----- PROVIDED DATA -----

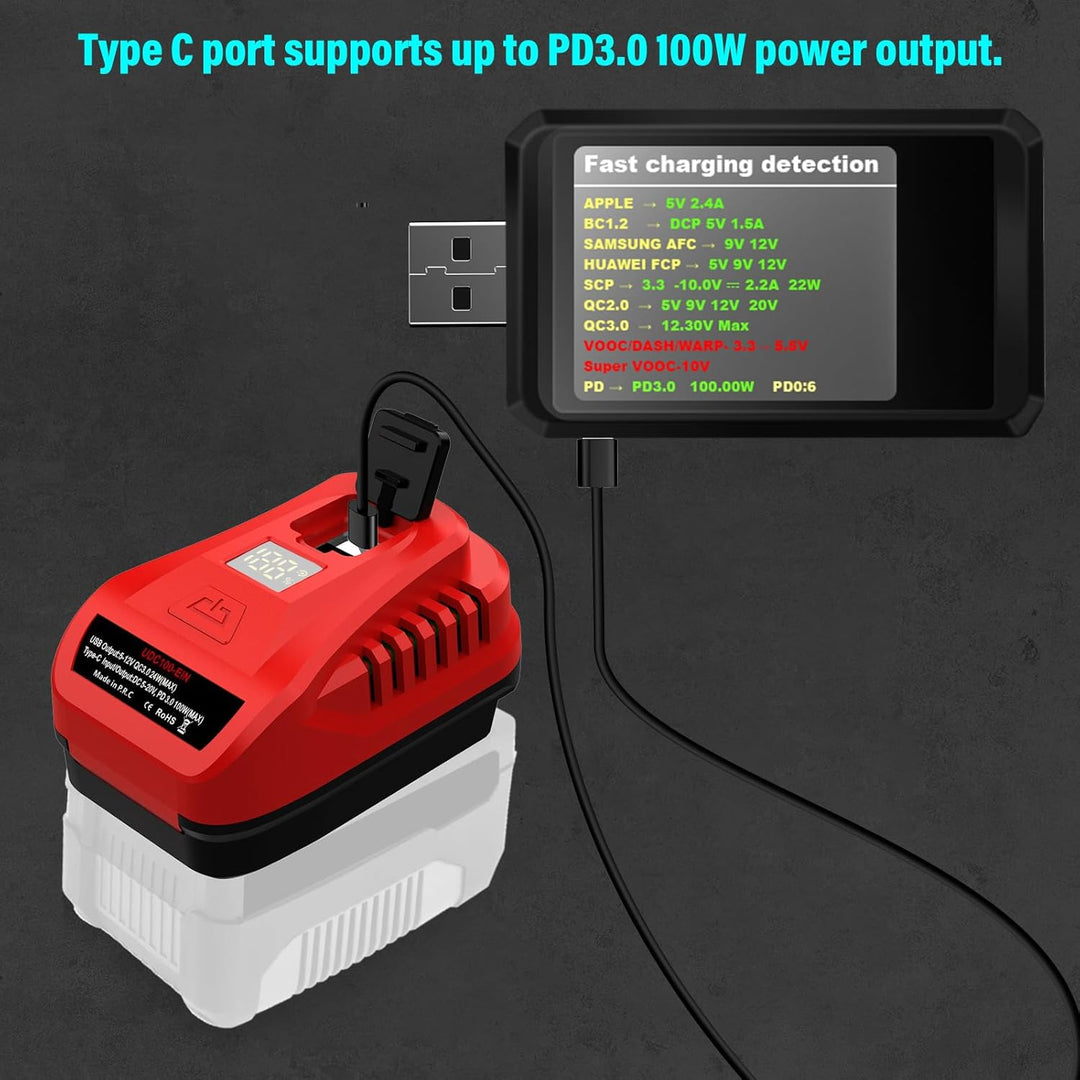 【Verbessert】 100W für Einhell PXC 18V Akku Ladegerät Adapter, TEPULAS USB Handyladegerät Stromquelle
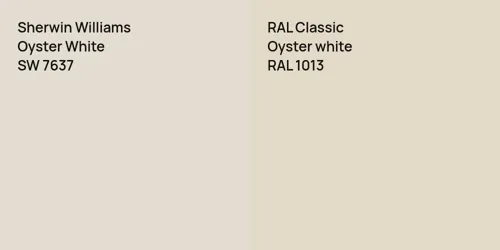 SW 7637 Oyster White vs RAL 1013  Oyster white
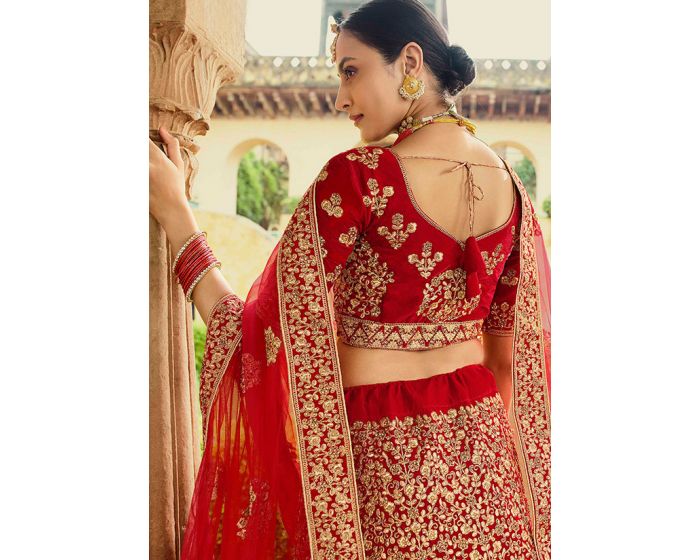 Bridal Designer Wedding Pure Velvet Red Color Lehenga Choli SYD21562 - Siya Fashions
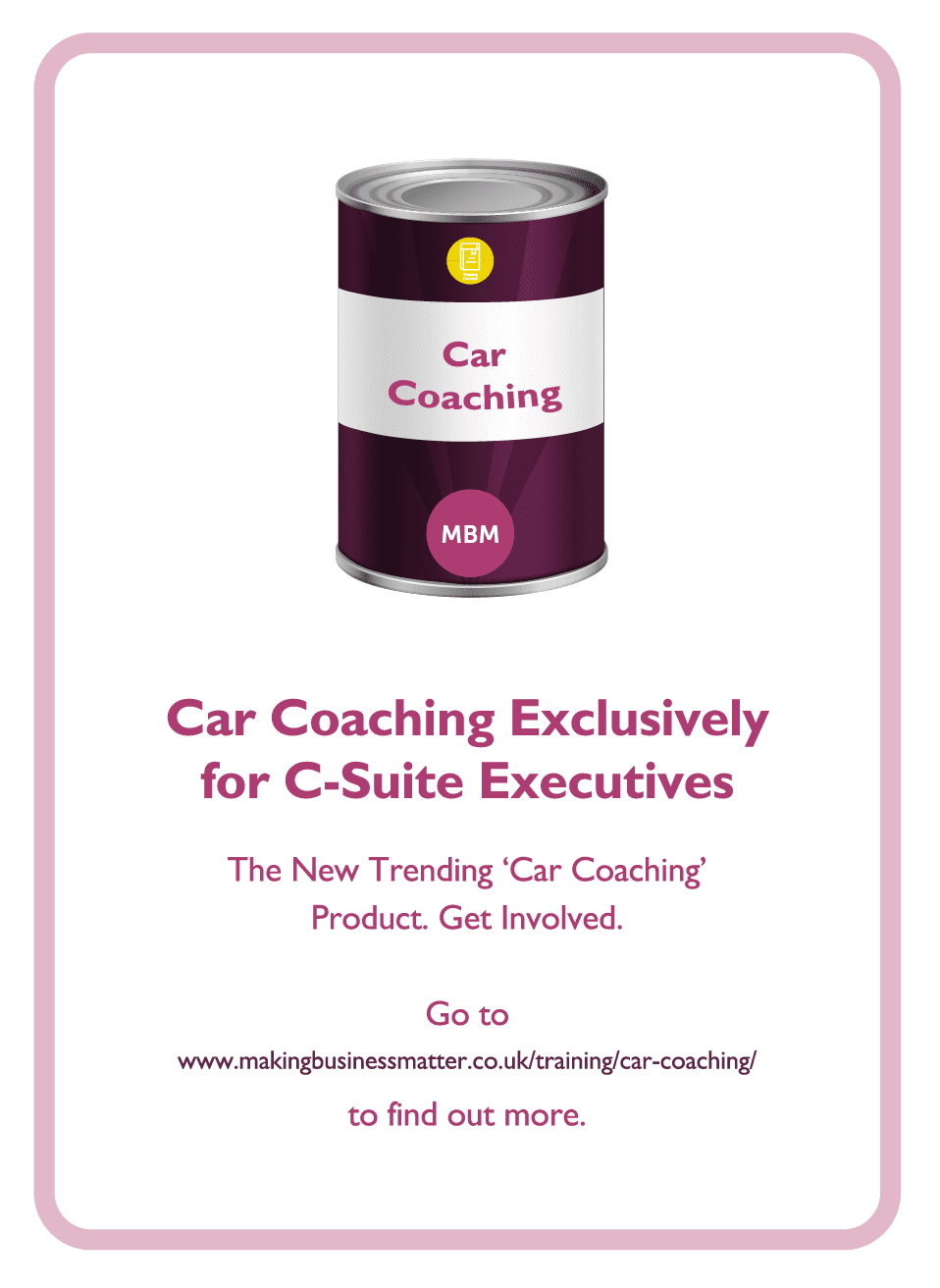 Coaching card titled Car coaching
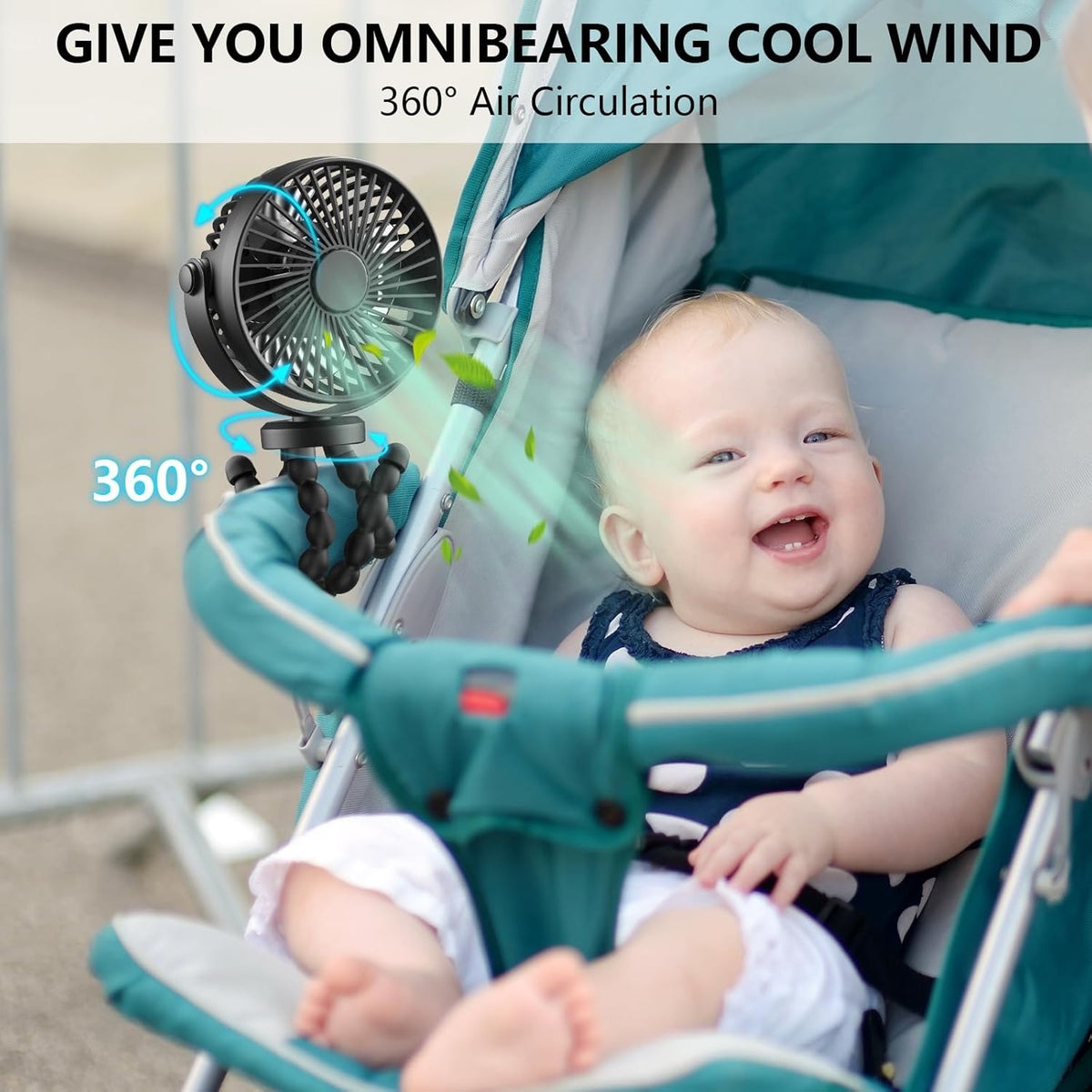Compact Handheld Portable Fan for Strollers, Car Seats, and Travel - USB/Battery Powered with Flexible Tripod Clip (Black)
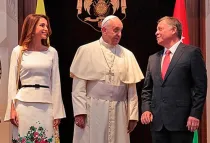 Rania de Jordania, Papa Francisco y Abdullah II / Foto: @QueenRania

-----

WHAT THIS TASK INVOLVES: Write out again, exactly, each line from the one containing "Coaching card titled Car coaching" through the last line of the entries, and omit every picture.

EXERCISE ANSWER:
 Coaching card titled Car coaching
Compact Handheld Portable Fan for Strollers, Car Seats, and Travel - USB/Battery Powered with Flexible Tripod Clip (Black)
 Rania de Jordania, Papa Francisco y Abdullah II / Foto: @QueenRania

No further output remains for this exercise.